The initiative will aid future research, with electric commercial flights expected to commence within the next five years
A trio of airports in the Netherlands – Eindhoven Airport, Rotterdam/The Hague Airport and Groningen Airport Eelde – are preparing to carry out electric flying trials.
Supported by the Royal Schiphol Group and NLR – Royal Netherlands Aerospace Centre, the aim of the tests is for airports for gain knowledge of feasibility, potential and handling of electric flights.
The results from the study will aid research into the operation of scheduled electric air travel, which will be able to improve connectivity between regions – creating a vast network within Europe.

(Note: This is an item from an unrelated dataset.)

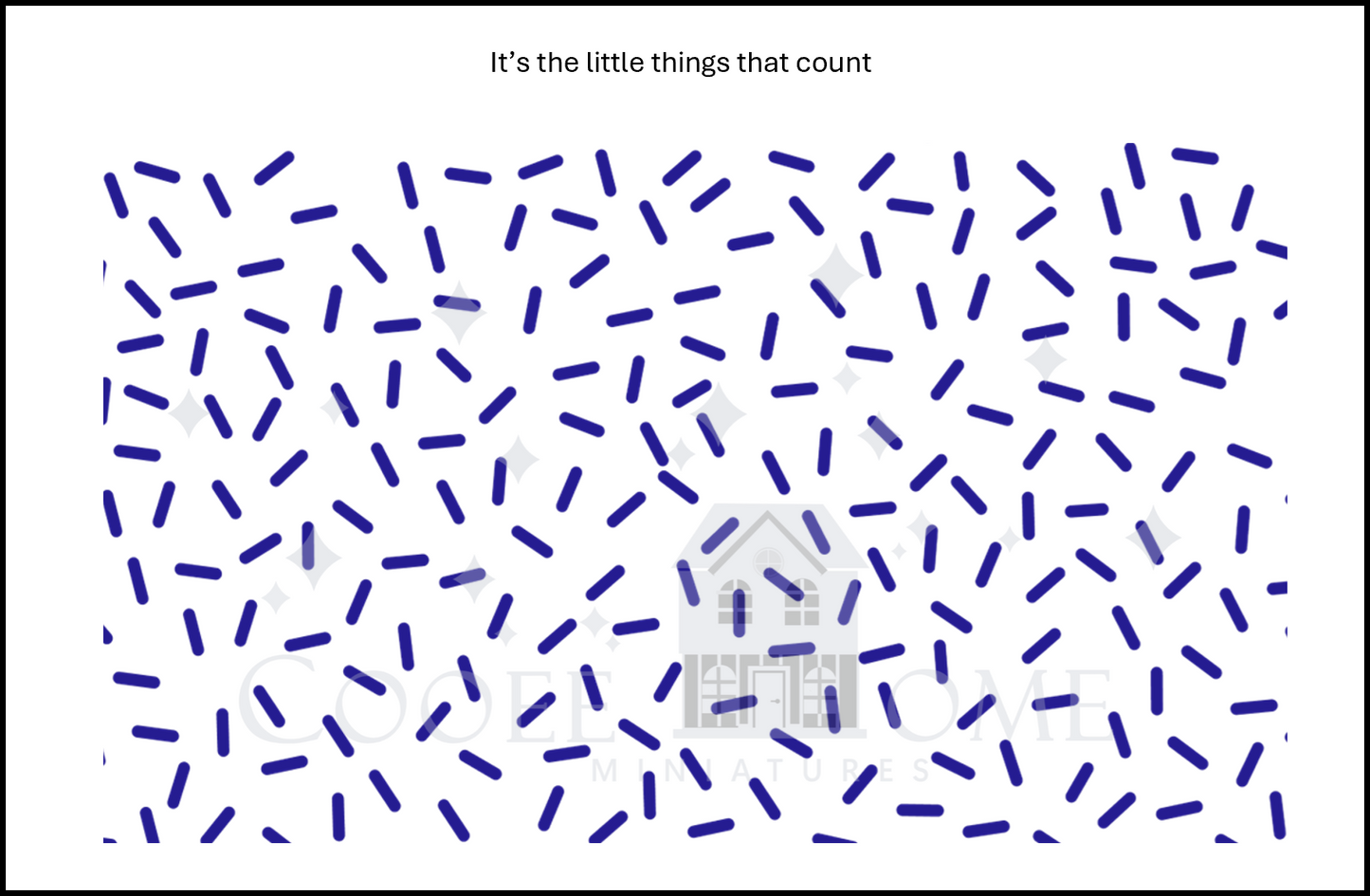 "Sprinkles SMALL" - shop the range of colours for instant download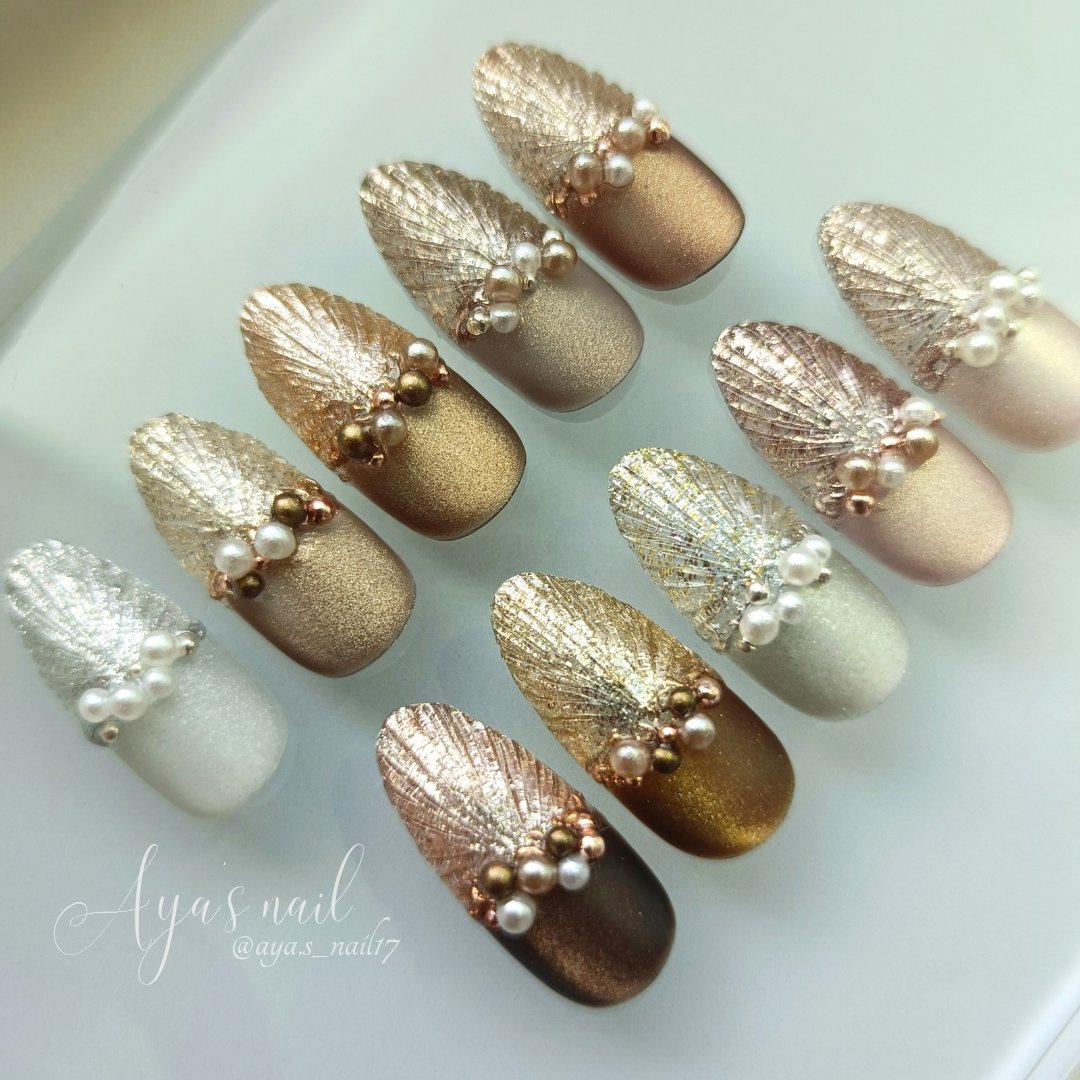 LAME MODERN SERIES/LinoGel/ジェルネイルを使ったクチコミ（1枚目）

“We are starting in the Netherlands where we can gain knowledge and experience in a controlled environment so that it can be used in the further rollout of electric flying within Europe,” said Roel Hellemons, CEO of Eindhoven Airport. “The trial is also important for the region. In addition to the fast connections that are created, electric flying offers opportunities for the Brainport region in terms of employment in, for example, charging systems.”
Michael Peters, CEO of Royal NLR, also added: "This trial fits well with our own research into the possibility of increasing the flight range of an all-electric aircraft using hydrogen. We also want to get grips with the 'electric turnaround'. These are procedures and actions to deploy a (hybrid) electric aircraft safely, efficiently and effectively. Steps to demonstrate the feasibility of electric flying."
It is expected that the first electric passenger flights will come into service in the Netherlands within the next five years.
According to management firm, M3 consultancy, this method of flying is economically and technically viable, with the ability to connect regions that are 500km apart, potentially expanding these distances to 1000km in the near future.